German Protestant Church head quits after sex assault cover-up allegations

The leader of the German Protestant Church, Annette Kurschus, on Monday stepped down from her post after being accused of covering up suspected sexual assault by a colleague.

EKD Council Chairwoman Annette Kurschus
EKD Council Chairwoman Annette Kurschus stands in the hall in Bielefeld in which she makes a personal statement on allegations of sexually abusive behaviour by a former church employee. Photo: picture alliance/dpa | Christoph Reichwein

Kurschus denied any knowledge of the abuse but said she was resigning “to prevent damage to my church”.

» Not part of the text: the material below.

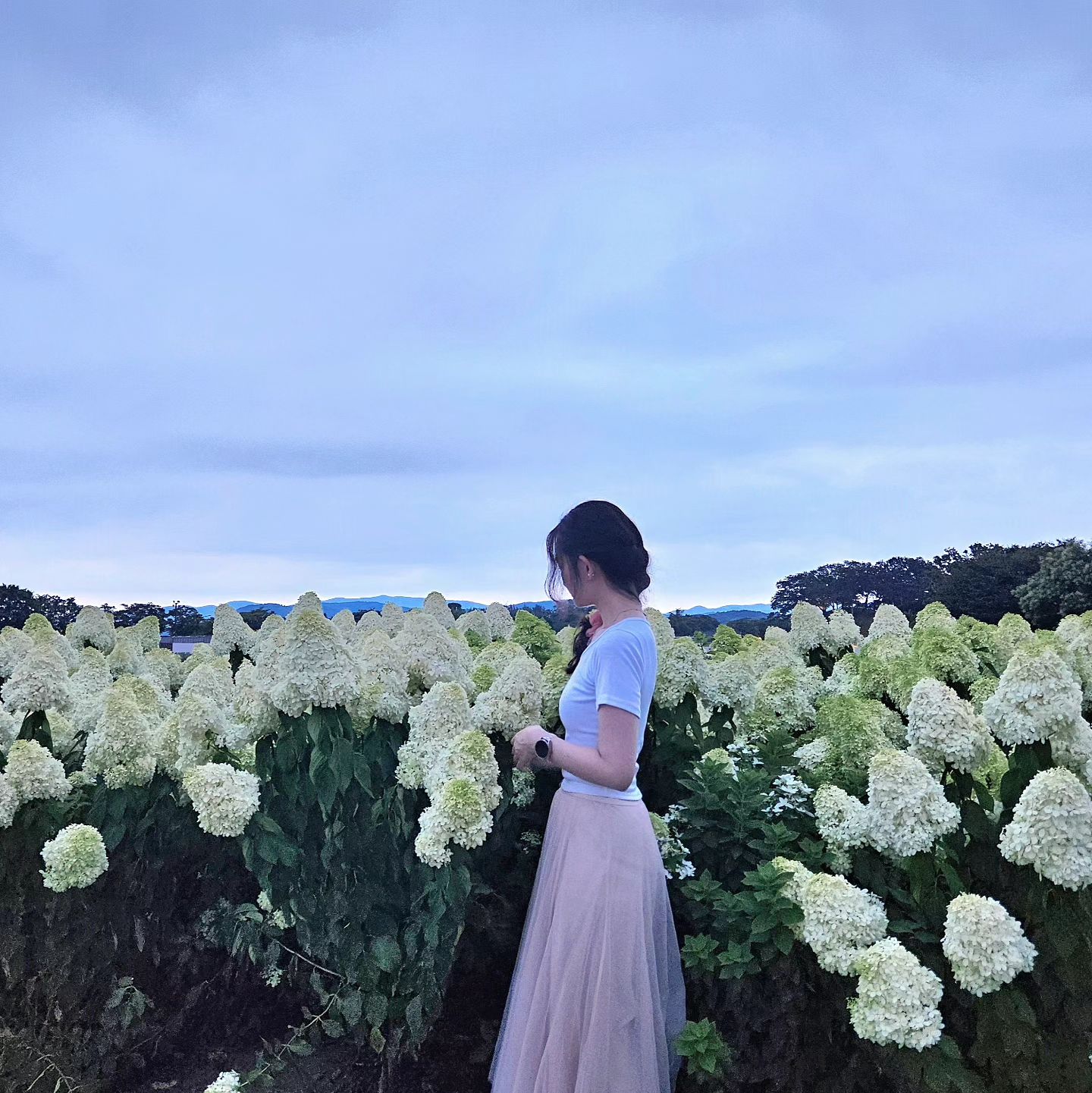 240805-1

The 60-year-old theologian has been caught in a storm of media reports that she was informed about allegations against her former colleague in the church district of Siegen but did nothing about it.

The man is now being investigated by police.

Kurschus said she had known the suspect’s family for a long time and was aware of both his homosexuality and his marital infidelity.

She said she had sought to protect the family but came under fire over “a lack of transparency”.

“It is all the more bitter because I have never — and I stress this — never sought to shirk my responsibility, withhold important facts, cover up facts or even cover up for an accused person,” she said.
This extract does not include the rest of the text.